An Introduction to Mobile Wallets
Mobile Wallets is a relatively new concept which is being embraced with open arms in India. Simply put, a mobile wallet is a mobile-based virtual wallet, where you preload a certain amount in your account created with the mobile wallet service provider, and spend it at online and offline merchants listed with the mobile wallet service provider.
Right from recharging mobile phones to refilling the taxi money to online bill payments - the advantages of mobile wallets are many. A few people have even started using these to buy a drink at Cafe Coffee Day and refuelling at gas stations. The numbers speak for themselves:
Leading mobile commerce platform Paytm crossed 100 million Paytm Wallet users in line with its vision of transforming India into a ‘cash-free’ economy.
According to a study by research firm RNCOS, the current Indian market size for mobile wallet (m-wallet) stands at about Rs 350 CRORES and is estimated to rise to Rs 1,210 CRORES by 2019.
Tracxn, a market intelligence platform, has laid down the momentum in this sector as - Over 250 financial-tech start-ups were founded in 2013 and 2014, and the last 1.5 years have seen them raise $1.5 billion in funding
Types of Mobile Wallets
As per RBI, mobile wallets (or e-wallets) are of 3 different types – Closed Wallets, Semi-Closed Wallets and Open Wallets.
Closed Mobile Wallets can be used only for a particular company’s (or online merchant) goods and services.
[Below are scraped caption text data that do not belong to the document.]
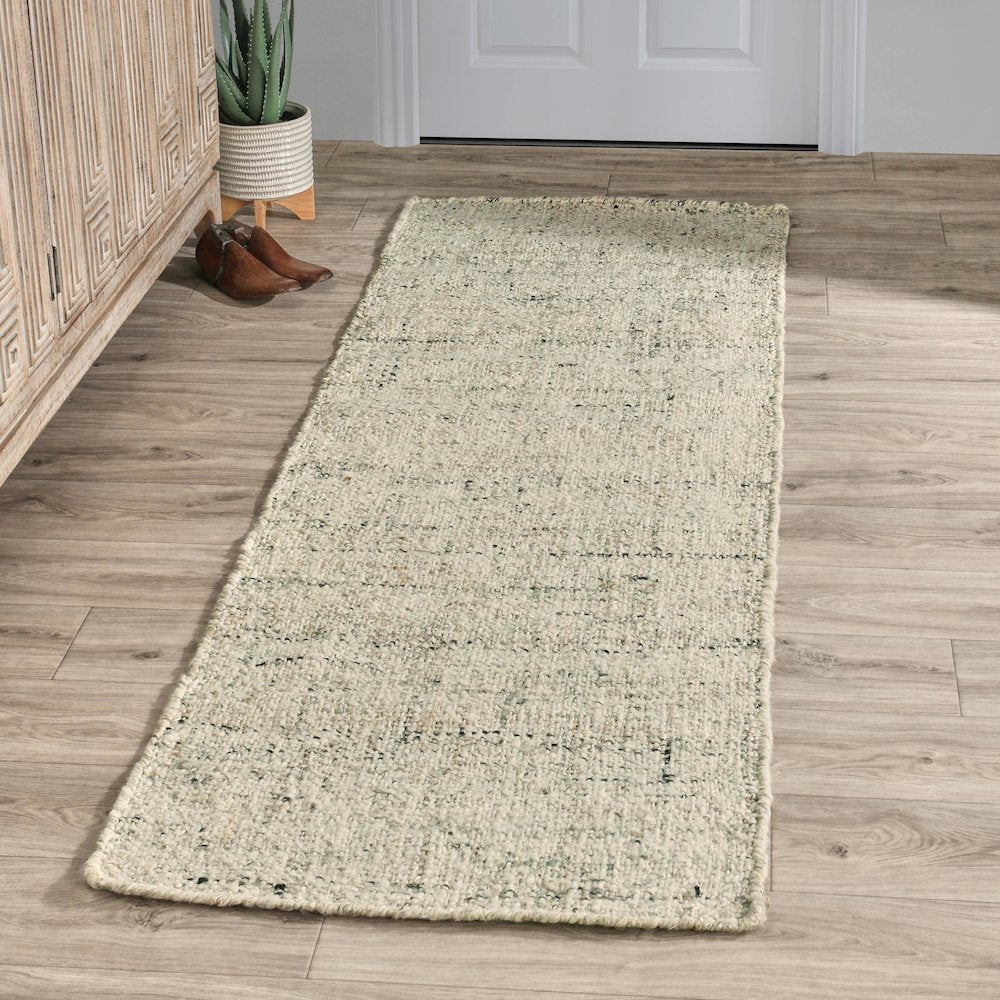 Oscoda 2.6'x8' Sustainable Handwoven Natural Accent Rug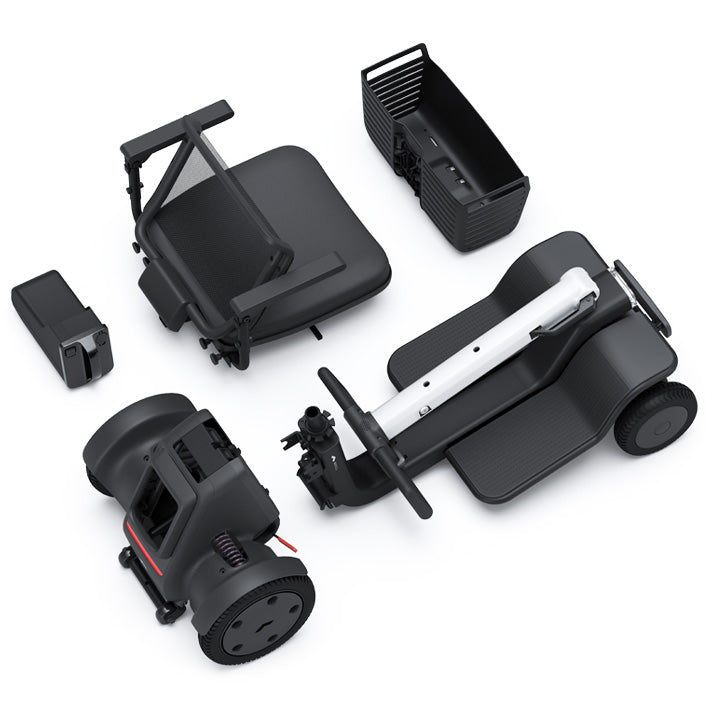 WHILL Model R 4 Wheel Mobility Scooter Parts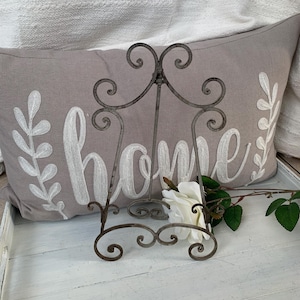 Shabby Chic Metal Picture Easel, Vintage Pictureholder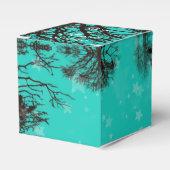 Rustic Black and Blue Evening Wedding Favor Box Bedankdoosjes (Voorkant Zijde)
No redemption or cash withdrawal is possible with such wallets. Examples of closed wallets would be the ones offered by MakeMyTrip, Jabong, etc. where your respective MakeMyTrip or Jabong account gets credited with the refund amount in case of any order cancellation or product return. You can use the refund amount only to make purchases from that merchant itself.
Semi-Closed Wallets also do not allow redemption or cash withdrawal. They can be used to transact for goods and services at several different merchant locations that have the required tie-ups with the wallet issuing company. For example, Paytm, MobiKwik, PayUMoney, Oxigen, etc. are all Semi-Closed Wallets and they are perhaps the most widely used mobile wallets in India currently.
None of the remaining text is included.